● TASK OBJECTIVE
From the listing below, restate word for word the lines from the line containing "GRILL CHIC CEVENOL" down through the line containing "Cardi B Offset". Exclude pictures.

● SOURCE RECORDS

**********

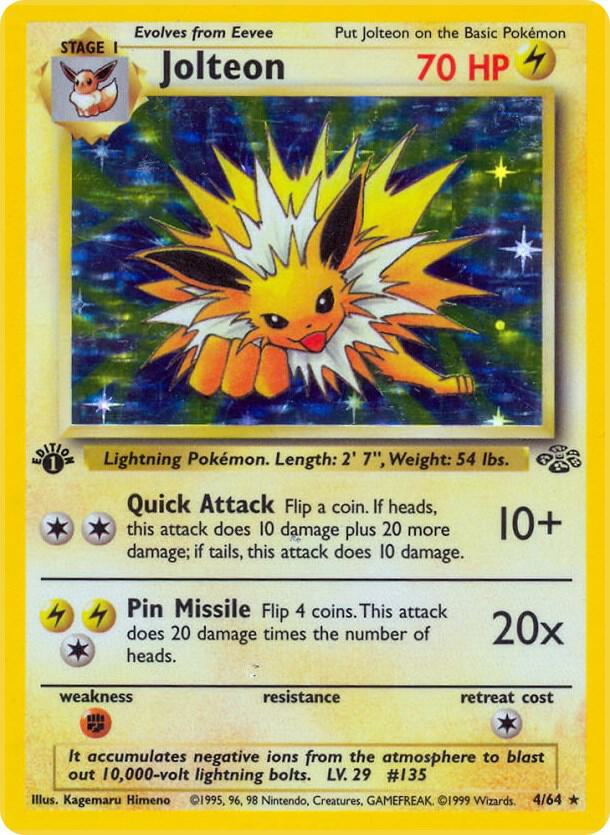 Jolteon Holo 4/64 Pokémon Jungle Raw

**********

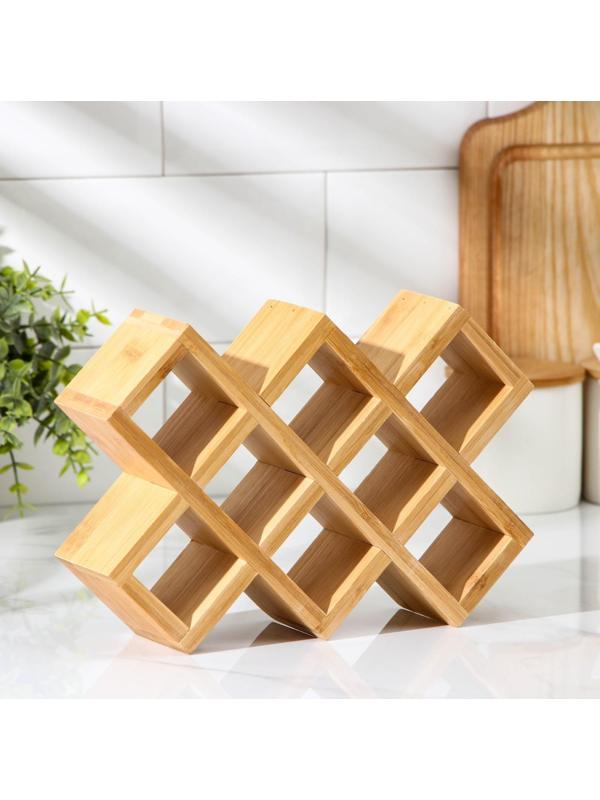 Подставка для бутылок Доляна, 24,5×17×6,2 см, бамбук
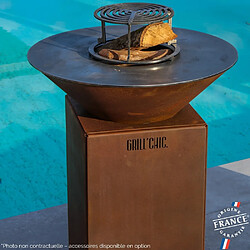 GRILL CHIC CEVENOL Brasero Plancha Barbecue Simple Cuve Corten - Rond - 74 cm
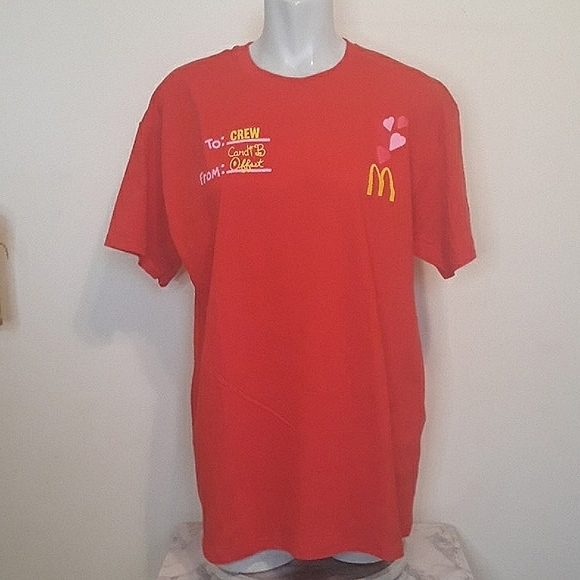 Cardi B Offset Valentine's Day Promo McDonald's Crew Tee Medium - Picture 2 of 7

**********

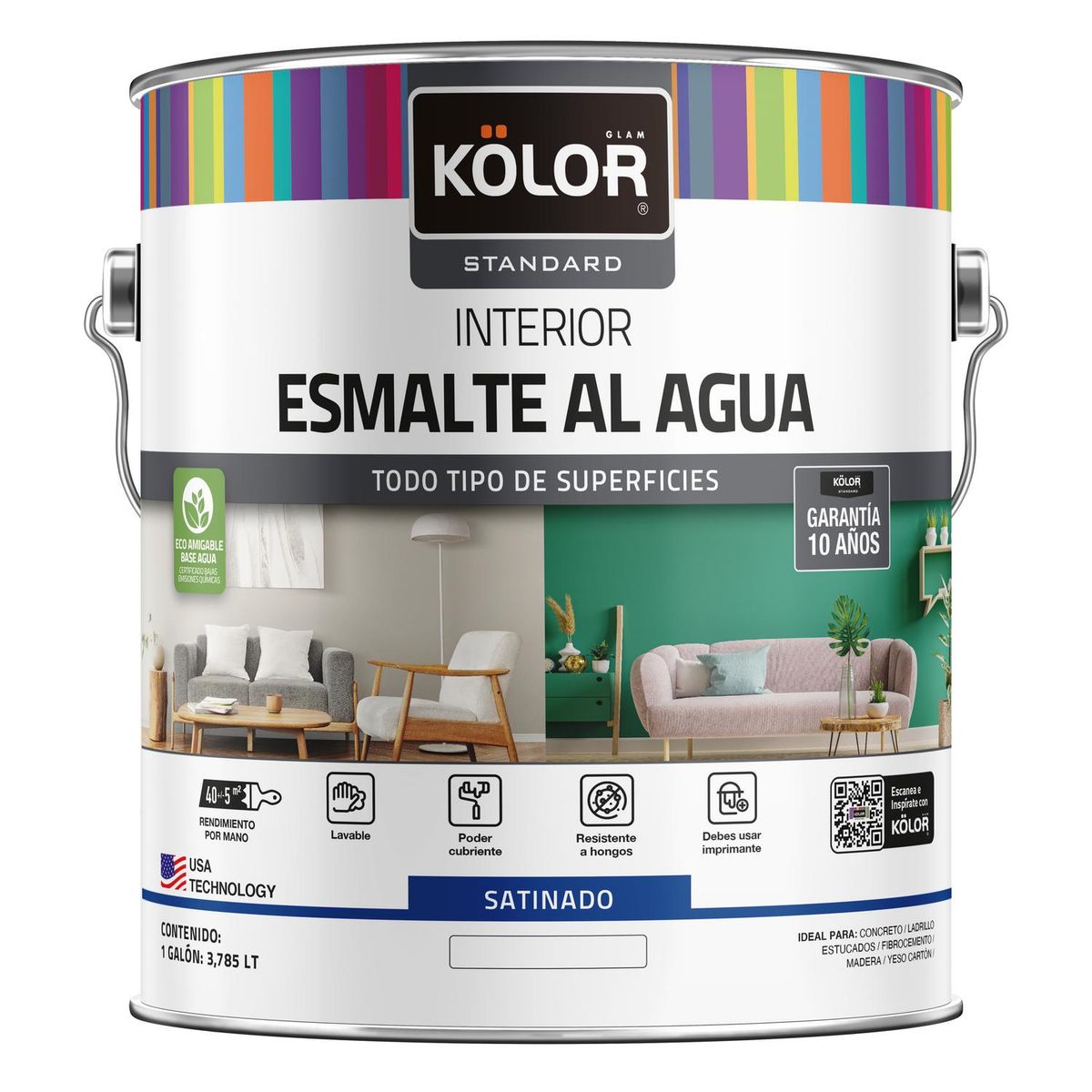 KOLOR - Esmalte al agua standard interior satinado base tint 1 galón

**********

● ANSWER FOR THE TASK
 GRILL CHIC CEVENOL Brasero Plancha Barbecue Simple Cuve Corten - Rond - 74 cm
 Cardi B Offset Valentine's Day Promo McDonald's Crew Tee Medium - Picture 2 of 7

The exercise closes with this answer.